Beyond Trafficking and Slavery

I’m not sure Ivanka knows what “empower” means

The first daughter once again positions herself as a champion for working women – but only certain women.

Sarah Newell
9 February 2019

US President Donald Trump displays the national security presidential memorandum launching the "Women's Global Development and Prosperity" initiative. Martin H. Simon/DPA/PA Images. All rights reserved.

Ivanka Trump has had numerous opportunities to do right by women workers in her life, and the record shows she hasn’t taken them. Since her father took office, she has adopted a number of pet projects related to women’s economic empowerment. Her latest effort is more of what we've come to expect from Ivanka: talk of empowerment without paying any attention to what really makes a difference. The Women's Entrepreneurship and Economic Empowerment Act of 2018 (WEEE Act), signed into law by President Donald Trump in early January, claims to “address gender-related barriers to economic growth and support women-led businesses” by mandating that the U.S. Agency for International Development (USAID) take certain steps to be more gender-sensitive in grant making and reporting.
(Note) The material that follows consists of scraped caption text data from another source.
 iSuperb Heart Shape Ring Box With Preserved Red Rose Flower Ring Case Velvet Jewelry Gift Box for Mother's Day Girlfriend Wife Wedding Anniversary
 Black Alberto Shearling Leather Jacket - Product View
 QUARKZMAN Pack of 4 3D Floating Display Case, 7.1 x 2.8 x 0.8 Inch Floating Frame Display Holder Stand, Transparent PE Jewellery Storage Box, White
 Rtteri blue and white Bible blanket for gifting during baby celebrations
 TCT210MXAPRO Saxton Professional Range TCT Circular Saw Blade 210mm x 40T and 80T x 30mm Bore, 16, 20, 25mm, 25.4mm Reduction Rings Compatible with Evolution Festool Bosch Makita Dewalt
The most significant piece requires USAID to dedicate at least 50% of its small- and medium-sized enterprise resources to target businesses owned by women. 

Despite its lofty title, this law has a limited scope and weak language. It pays lip service to gender-based violence, access to fundamental labour rights, and women’s access to property rights, but fails to establish measures to substantively address these important issues facing women workers. Jobs and economic empowerment opportunities are only useful insofar as they are good jobs – jobs that pay a living wage and allow workers to form unions, without fear of retaliation. There is no guarantee that because a business is woman-owned, that business will provide good jobs. And if an initiative is not pro-worker, it can’t claim to be pro-women.
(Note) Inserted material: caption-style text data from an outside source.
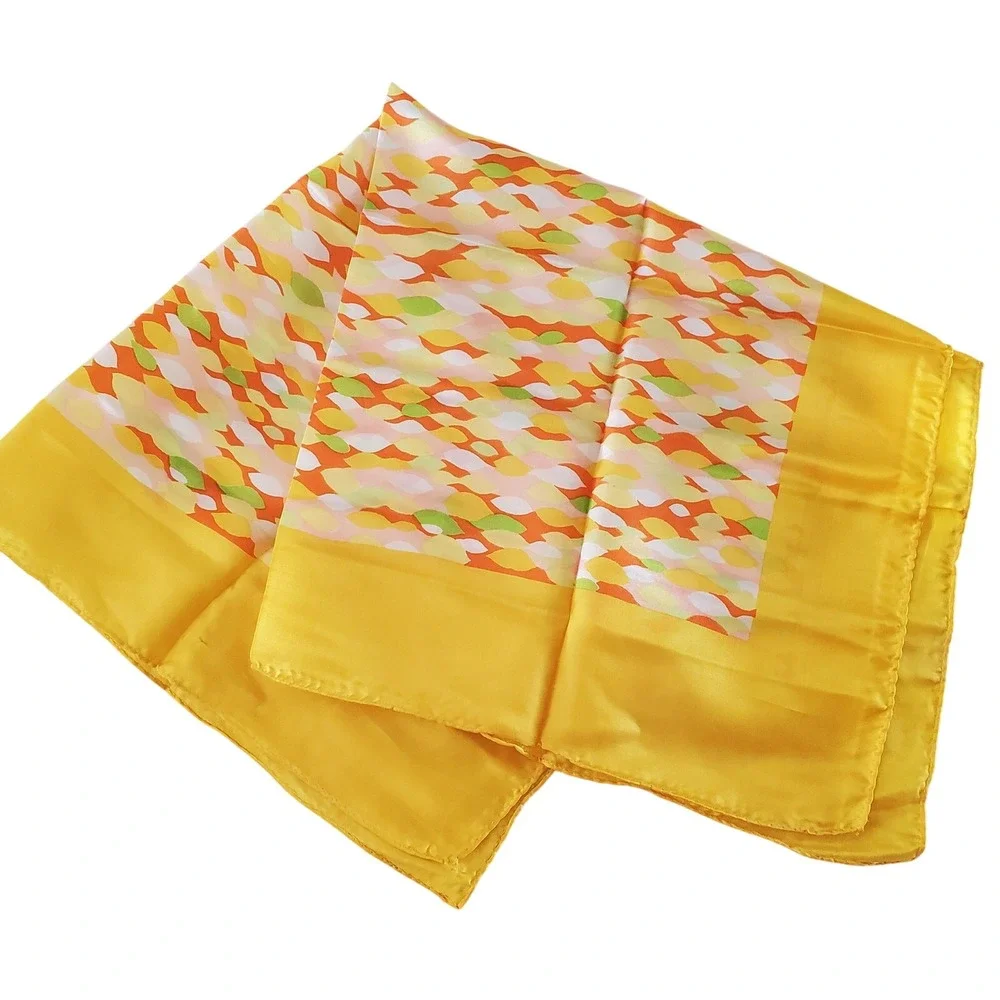 Vintage Glentex‎ Vera Neumann Scarf Womens Yellow Abstract Vinal Silk Made Japan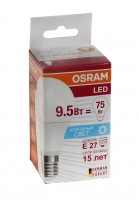 Лампа Osram LED светодиодная холодный свет 9,5W, A75, E27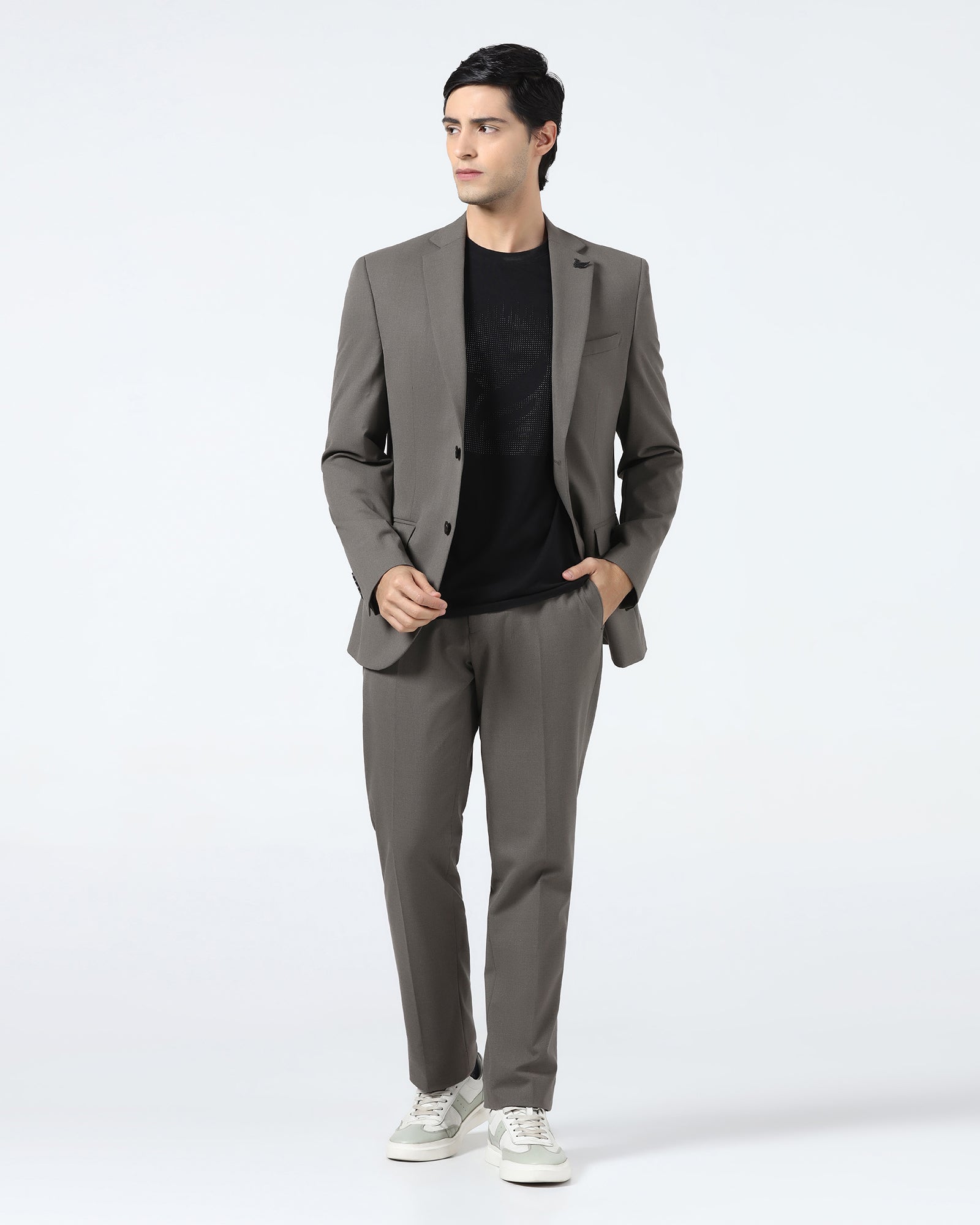 Brown Two Piece Solid Suit - Hedra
From the first announcement of this legislation, there was reason to be heavily skeptical. As documented by the Washington Post in 2017, Ivanka Trump’s eponymous clothing brand was rife with reported labour abuses. The primarily women workers sewing clothes for the Ivanka Trump brand made some of the lowest wages in the world. Her company failed to take basic steps to improve its practices, like disclosing the list of its supplier factories or signing the Accord on Fire and Building Safety in Bangladesh. The brand, which is now closed, was hardly a positive sign of Ivanka Trump’s commitment to working women.

Ivanka has also failed to take action to support a new international convention on gender-based violence in the workplace. Unlike the WEEE Act, this critical initiative would establish a global human rights standard around sexual harassment and violence at work, driving legal reform around the world. Unequal power relations in society and at work result in women, as well as trans and gender non-conforming people, facing increased exposure to violence and harassment at work. Yet no specific international standard exists on this issue. Governments around the globe have been involved in negotiating a ground-breaking new benchmark, yet the United States has been conspicuously unresponsive to solicitations for comment from the International Labour Organization.
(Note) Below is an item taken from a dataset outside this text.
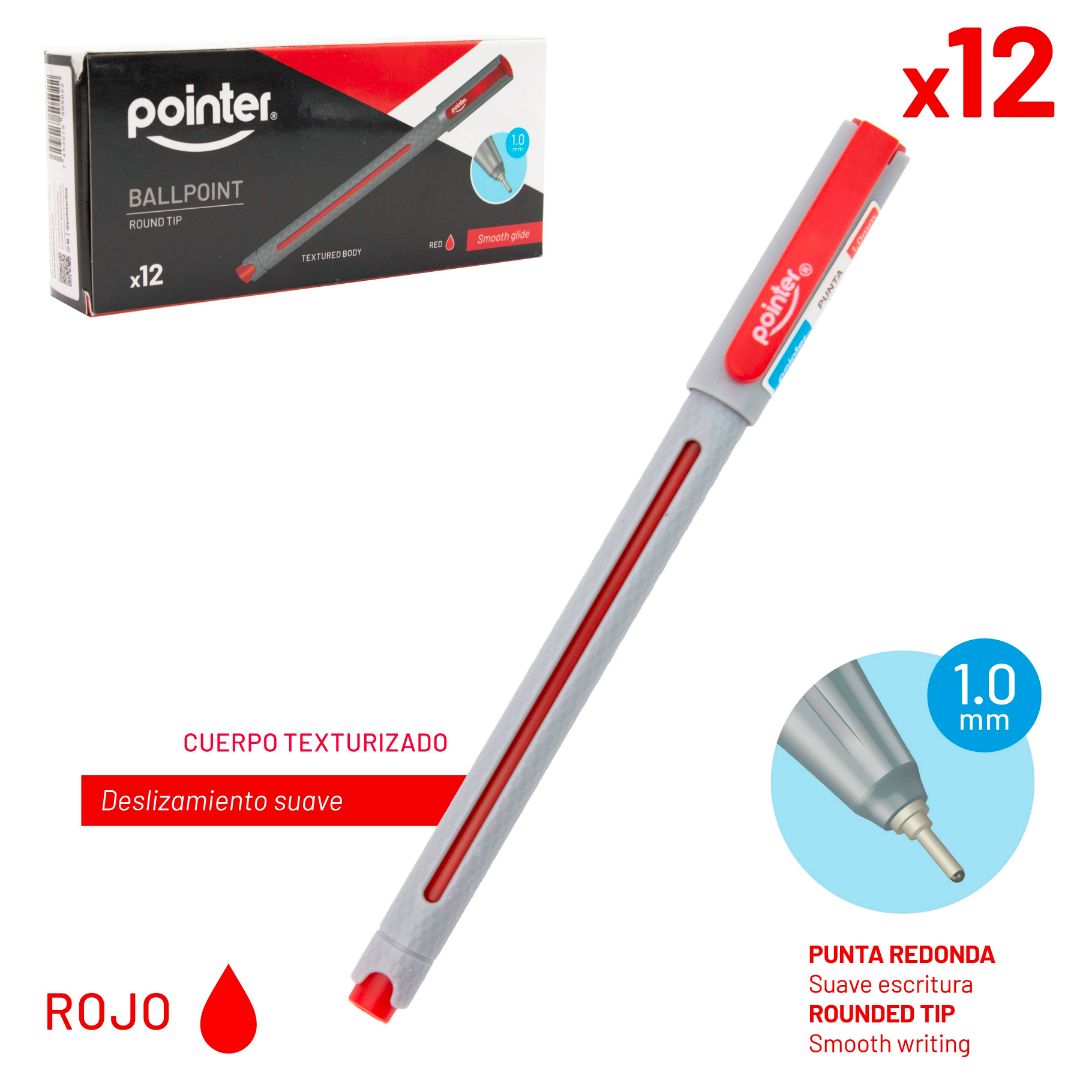 BOLIGRAFO POINTER PUNTA REDONDA CUERPO TEXTURIZADO ROJO 1MM (F. 96 DOC)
Perhaps the most glaring omission from the WEEE Act is the millions of women whose economic opportunity isn’t of interest to the president’s daughter. The women from Central America seeking asylum at the US-Mexico border, for example. Is Ivanka Trump invested in their economic empowerment? Is she concerned about their access to decent jobs, affordable credit and financial institutions? Not likely, since no one in the Trump family has spoken out against the humanitarian crisis at the border. The United States played a key role in creating the economic conditions that led to many asylum seekers deciding to migrate in search of good jobs. Why not take action there? As with her previous efforts in this arena, Ivanka seems to focus exclusively on women entrepreneurs and business leaders. This excludes most working women.

It’s true that none of the mandates outlined in the law are necessarily harmful. All government agencies could benefit from taking a more gender-sensitive approach to their programs. But such a weak effort exists as talking point for Ivanka Trump, a feather in her cap. She wants to be perceived as pro-women, without actually challenging the power structures that afford her infinite privilege and access, and without challenging the root causes that keep the majority of women in the world in poverty. She wants to empower, but doesn’t want to give up her power to do so. This latest effort is a step in the right direction. But it is a step too small to register with the people who need it most.

In an era of fake news, an extra dose of skepticism serves you well. It’s time to apply that principle to the world of ‘women’s empowerment’ initiatives. We need to start asking: who is driving this change? Is this an evidence-based, bottom-up initiative to address the root causes of inequality, or is this a smokescreen to distract from the real causes of inequality? The one thing you can count on is that just because something says it is empowering doesn’t mean it is.